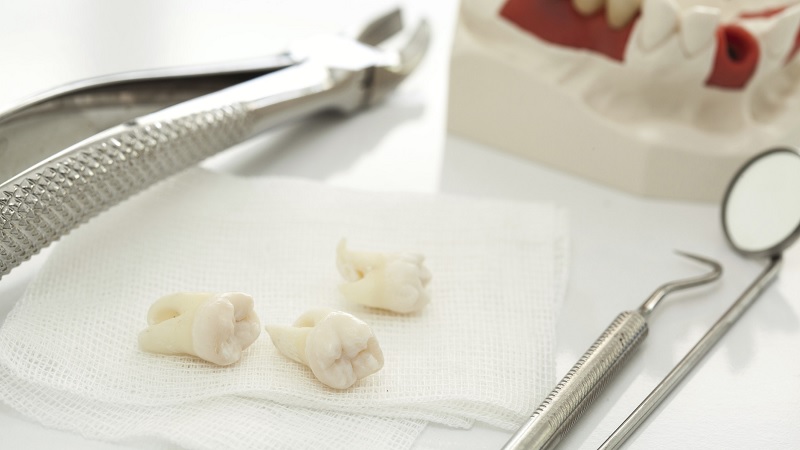 بررسی خطرات و عوارض کشیدن دندان | بهترین جراح لثه اصفهان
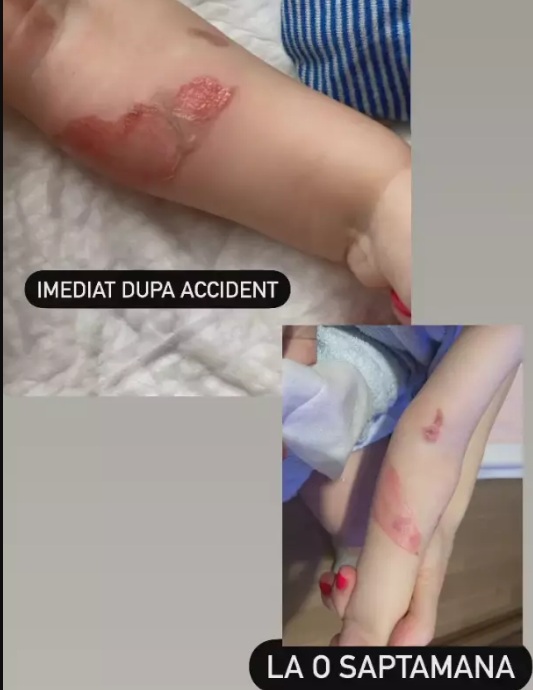 Tily Niculae a trecut prin momente cumplite. Fiul actriței a suferit o arsură de gradul 2: &quot;Simțeam cum îmi vine să urlu&quot;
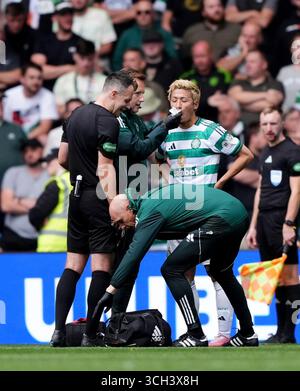 Celtic's Daizen Maeda receives treatment for a head injury after ...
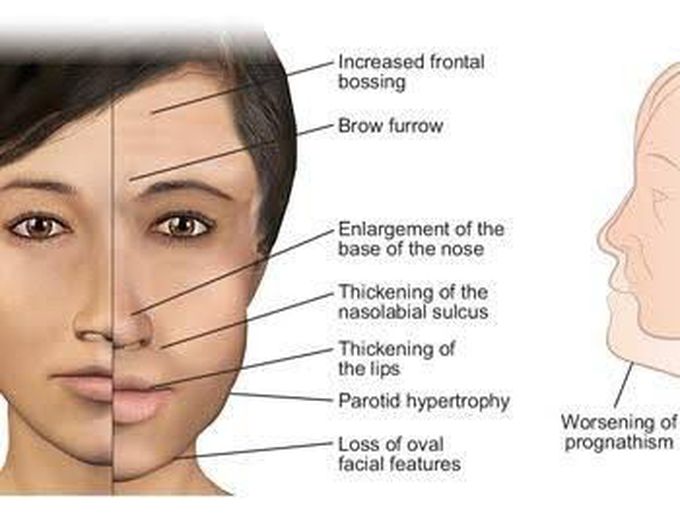 Acromegaly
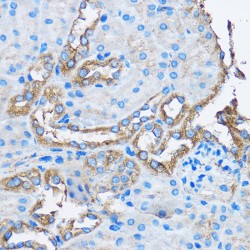 F-Actin-Capping Protein Subunit Alpha-2 (CAPZA2) Antibody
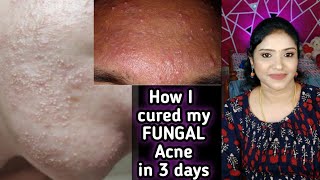 Fungal ACNE Cure  நெற்றியில் பொறி பொறியாக உள்ளதா இதை Try பண்ணுங்க 100 Effective Skincare [upl. by Eilrak]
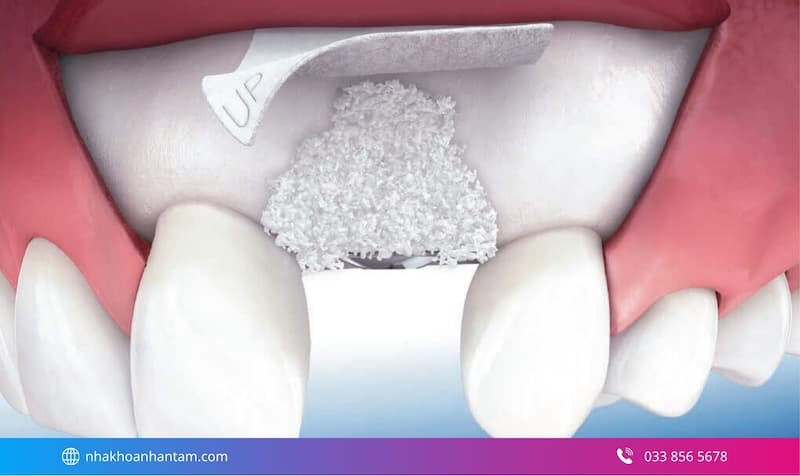 ghép xương cho người tiêu xương hàm Hình: ghép xương cho người tiêu xương hàm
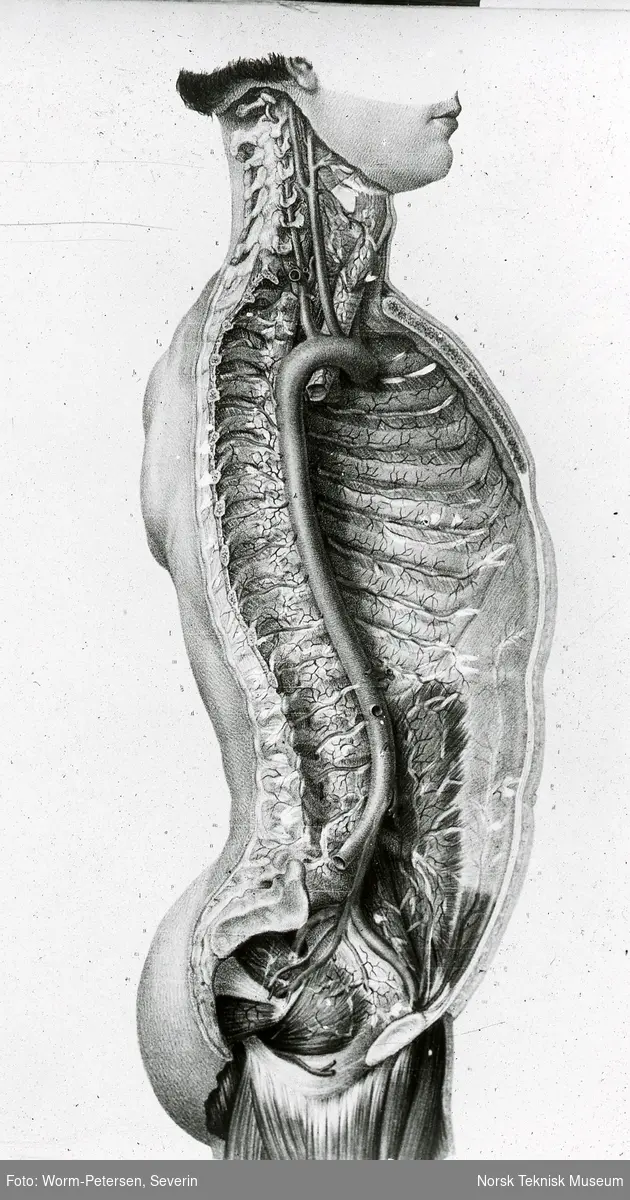 Anatomisk snitttegning av overkroppen, sett fra siden, delt langs ryggsøylen (umontert glass-dias)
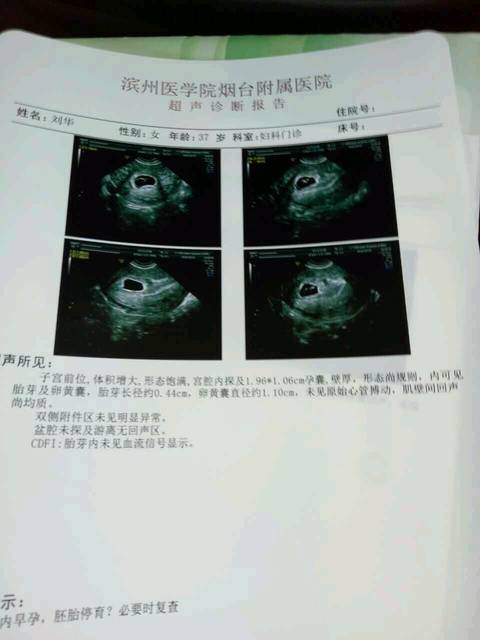 8月20末次月经,月经不规律,46天查出怀孕做了彩超有孕囊没有胎芽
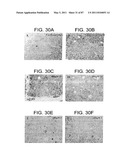 HUMAN IgM ANTIBODIES, AND DIAGNOSTIC AND THERAPEUTIC USES THEREOF PARTICULARLY IN THE CENTRAL NERVOUS SYSTEM diagram and image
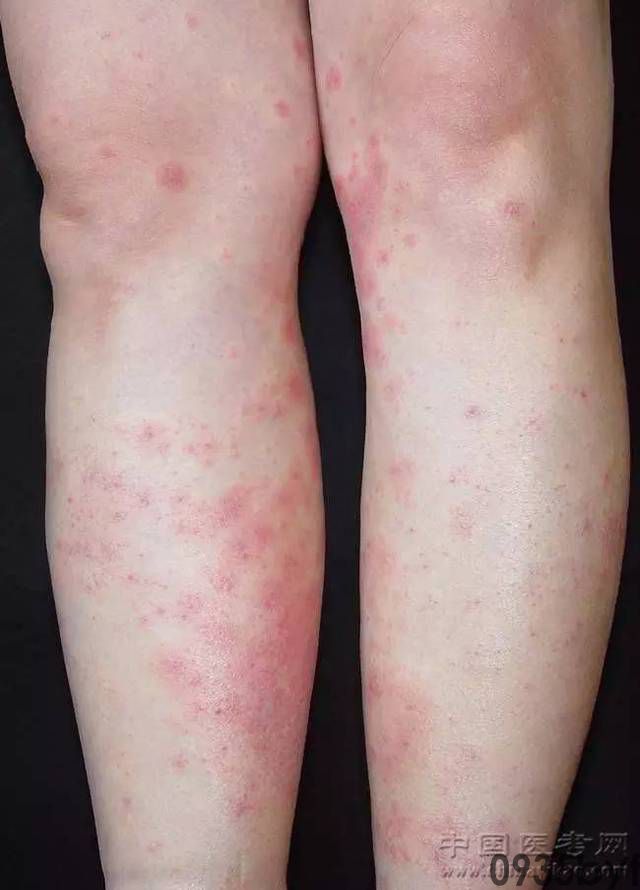 红斑样皮疹是什么样的皮肤病症(图1) 红斑样皮疹是什么样的皮肤病症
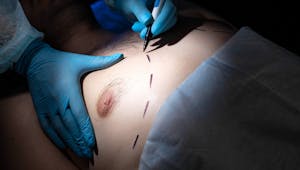 Qu'est-ce que la gynécomastie ? Pourquoi certains hommes ont-ils une poitrine plus développée ?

────────────────────

● EXERCISE AIM:
Give the records above again in full and exactly, but exclude every picture.

● ANSWER TO THIS TASK:
 بررسی خطرات و عوارض کشیدن دندان | بهترین جراح لثه اصفهان
 Tily Niculae a trecut prin momente cumplite. Fiul actriței a suferit o arsură de gradul 2: &quot;Simțeam cum îmi vine să urlu&quot;
 Celtic's Daizen Maeda receives treatment for a head injury after ...
 Acromegaly
 F-Actin-Capping Protein Subunit Alpha-2 (CAPZA2) Antibody
 Fungal ACNE Cure  நெற்றியில் பொறி பொறியாக உள்ளதா இதை Try பண்ணுங்க 100 Effective Skincare [upl. by Eilrak]
 ghép xương cho người tiêu xương hàm Hình: ghép xương cho người tiêu xương hàm
 Anatomisk snitttegning av overkroppen, sett fra siden, delt langs ryggsøylen (umontert glass-dias)
 8月20末次月经,月经不规律,46天查出怀孕做了彩超有孕囊没有胎芽
 HUMAN IgM ANTIBODIES, AND DIAGNOSTIC AND THERAPEUTIC USES THEREOF PARTICULARLY IN THE CENTRAL NERVOUS SYSTEM diagram and image
 红斑样皮疹是什么样的皮肤病症(图1) 红斑样皮疹是什么样的皮肤病症
 Qu'est-ce que la gynécomastie ? Pourquoi certains hommes ont-ils une poitrine plus développée ?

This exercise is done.